I struggled my way through childhood in Hazlehurst over on Gill Street in what is now a parking lot. As a matter of fact, my sister Sarah Nell likes to tell people that we grew up in a parking lot—not entirely true, but close to one even then. After hours and on weekends, we rode our bikes in the parking lots of what everyone in town called the slip factory. I’m sure it had an official name, but I can’t remember now what it was. I even worked in that factory for a while when I was older, cashed checks from there, but the factory’s real name escapes me.
Sometimes late on Sunday afternoons after the family visiting was done and before time for church, Sarah Nell and I would walk downtown with Mama and spend a pleasant hour window shopping. Only on rare occasions did Mama leave her work for pleasure. She may have worked harder than any other woman I’ve ever known, and when she died at the age of 73, my father swore that she had worked herself to death. But Sundays she did not work, and so we anticipated those Sundays when she invited us to walk downtown. We gazed longingly at the toys in the windows of the dime stores, and later at the clothes in the Wallace Shop or Moore’s. Of course all the stores were closed, locked up tight for the weekend. Godly Hazlehurst citizens didn’t shop on Sundays—not in the 50s anyway. There was no place open to shop—not one single convenience store, one gas station, or even one fast food place. You’d better purchase whatever you needed before the stores closed on Saturday or you’d have to knock on a neighbor’s door with a cup in your hand.
My parents lived in town their entire married life, starting out in a rented house on Railroad Street. I can still hear the trains roaring by. I was deathly afraid of them. I remember my Uncle Jack carrying me and trying to help me get over that fear.
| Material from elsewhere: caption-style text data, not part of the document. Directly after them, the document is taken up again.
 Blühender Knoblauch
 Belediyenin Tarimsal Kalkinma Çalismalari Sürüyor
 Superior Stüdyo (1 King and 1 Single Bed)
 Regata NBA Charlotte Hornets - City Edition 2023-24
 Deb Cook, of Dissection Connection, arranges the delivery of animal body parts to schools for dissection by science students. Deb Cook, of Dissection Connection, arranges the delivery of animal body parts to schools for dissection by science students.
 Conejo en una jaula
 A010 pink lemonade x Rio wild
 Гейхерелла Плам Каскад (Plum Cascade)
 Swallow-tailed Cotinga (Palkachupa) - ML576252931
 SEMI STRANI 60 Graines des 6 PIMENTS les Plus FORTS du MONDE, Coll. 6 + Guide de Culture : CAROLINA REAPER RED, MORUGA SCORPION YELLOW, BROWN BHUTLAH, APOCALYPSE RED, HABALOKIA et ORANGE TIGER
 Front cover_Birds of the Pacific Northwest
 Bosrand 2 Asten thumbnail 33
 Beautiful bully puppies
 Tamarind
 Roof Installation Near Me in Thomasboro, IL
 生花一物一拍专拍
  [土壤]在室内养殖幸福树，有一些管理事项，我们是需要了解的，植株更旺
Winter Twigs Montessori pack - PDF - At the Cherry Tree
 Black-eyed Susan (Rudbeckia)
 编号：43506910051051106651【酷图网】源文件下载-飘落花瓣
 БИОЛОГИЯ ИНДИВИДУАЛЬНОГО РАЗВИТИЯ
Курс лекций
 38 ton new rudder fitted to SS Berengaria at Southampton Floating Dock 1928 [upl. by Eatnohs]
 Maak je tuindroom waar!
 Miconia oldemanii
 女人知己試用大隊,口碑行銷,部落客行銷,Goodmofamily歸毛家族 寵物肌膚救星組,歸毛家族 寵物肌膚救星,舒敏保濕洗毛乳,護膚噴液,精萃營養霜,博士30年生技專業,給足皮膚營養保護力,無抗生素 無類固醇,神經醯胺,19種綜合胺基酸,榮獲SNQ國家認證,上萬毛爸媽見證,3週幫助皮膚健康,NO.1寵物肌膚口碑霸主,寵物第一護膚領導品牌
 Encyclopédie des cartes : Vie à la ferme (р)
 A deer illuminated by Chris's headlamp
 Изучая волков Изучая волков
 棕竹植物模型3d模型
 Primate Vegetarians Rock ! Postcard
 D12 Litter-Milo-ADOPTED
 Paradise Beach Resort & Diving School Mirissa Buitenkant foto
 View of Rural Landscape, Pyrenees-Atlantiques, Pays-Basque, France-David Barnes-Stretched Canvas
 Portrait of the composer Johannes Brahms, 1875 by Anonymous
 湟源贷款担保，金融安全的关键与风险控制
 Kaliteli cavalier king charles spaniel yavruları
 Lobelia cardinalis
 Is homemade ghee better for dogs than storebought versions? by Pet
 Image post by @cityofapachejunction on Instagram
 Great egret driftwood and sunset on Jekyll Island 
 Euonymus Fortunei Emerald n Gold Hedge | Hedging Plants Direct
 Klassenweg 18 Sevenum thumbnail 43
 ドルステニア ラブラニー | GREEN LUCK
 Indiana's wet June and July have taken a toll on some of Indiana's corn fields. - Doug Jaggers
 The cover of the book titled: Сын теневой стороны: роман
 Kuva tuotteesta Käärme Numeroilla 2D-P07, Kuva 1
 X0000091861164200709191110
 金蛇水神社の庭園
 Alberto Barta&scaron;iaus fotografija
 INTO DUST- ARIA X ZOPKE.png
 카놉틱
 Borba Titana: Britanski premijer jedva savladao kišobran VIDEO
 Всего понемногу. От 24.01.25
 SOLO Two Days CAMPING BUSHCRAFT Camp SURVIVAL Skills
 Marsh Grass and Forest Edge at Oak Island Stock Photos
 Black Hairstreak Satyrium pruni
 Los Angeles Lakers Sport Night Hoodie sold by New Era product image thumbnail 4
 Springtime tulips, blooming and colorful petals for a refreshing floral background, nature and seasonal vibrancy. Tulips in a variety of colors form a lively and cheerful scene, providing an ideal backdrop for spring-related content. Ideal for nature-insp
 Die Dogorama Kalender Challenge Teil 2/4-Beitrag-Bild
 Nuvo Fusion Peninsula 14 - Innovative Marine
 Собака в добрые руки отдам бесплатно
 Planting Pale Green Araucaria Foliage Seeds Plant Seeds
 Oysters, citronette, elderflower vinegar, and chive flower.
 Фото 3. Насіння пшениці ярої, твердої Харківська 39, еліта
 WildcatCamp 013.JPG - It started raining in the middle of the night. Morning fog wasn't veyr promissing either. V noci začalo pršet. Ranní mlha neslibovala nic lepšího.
It didn’t work. When I entered 2nd grade, we moved to Gill Street and stayed there until long after I left for college. With a house of their own, Mama and Daddy had invested in the American dream.
Even though my parents spent their entire married life in town, they had grown up on farms. Daddy seemed glad to leave his behind, but not Mama. She always had chickens and turkeys in pens in the back yard. She grew mustard and turnip patches in the fall, and liked to dig in the dirt. She didn’t use gloves. She liked dirt on her hands, and she always worked like a farmer, rising long before daylight to begin her day.
Larry and I have always lived in the country, except for a short period before the boys started to school when we traveled with him and his construction jobs. At this stage of my life, I can’t imagine living in town. We’ve never had to worry about disturbing the neighbors with too much noise. Many a night Larry has worked on car engines, revving them well after midnight to eardrum splitting levels. We tend to be a noisy crew and night owls to boot. Our boys were musicians, but their practice wasn’t always melodious. Fortunately, our nearest neighbors were across the field and didn’t hear a thing.
But I’m not the farmer my mother was, even though I love digging in the dirt as much as she did. I usually wear gloves as I tamp the dirt around my newest hydrangea addition or pull a weed here and there. I leave the vegetable growing to Larry, but I do of course can or freeze his produce. We don’t have chickens or turkeys though. God forbid. I never did like Mama’s chickens. The only chickens and eggs to enter this little farm come via the grocery store.
For me the major appeal of the farm life is the solitude and the peacefulness. I watch the blue jays dive bomb the cats and the cardinals play in the trees above me. There’s wildlife all around me. I lie in my hammock in the back yard and survey my kingdom, satisfied and fulfilled.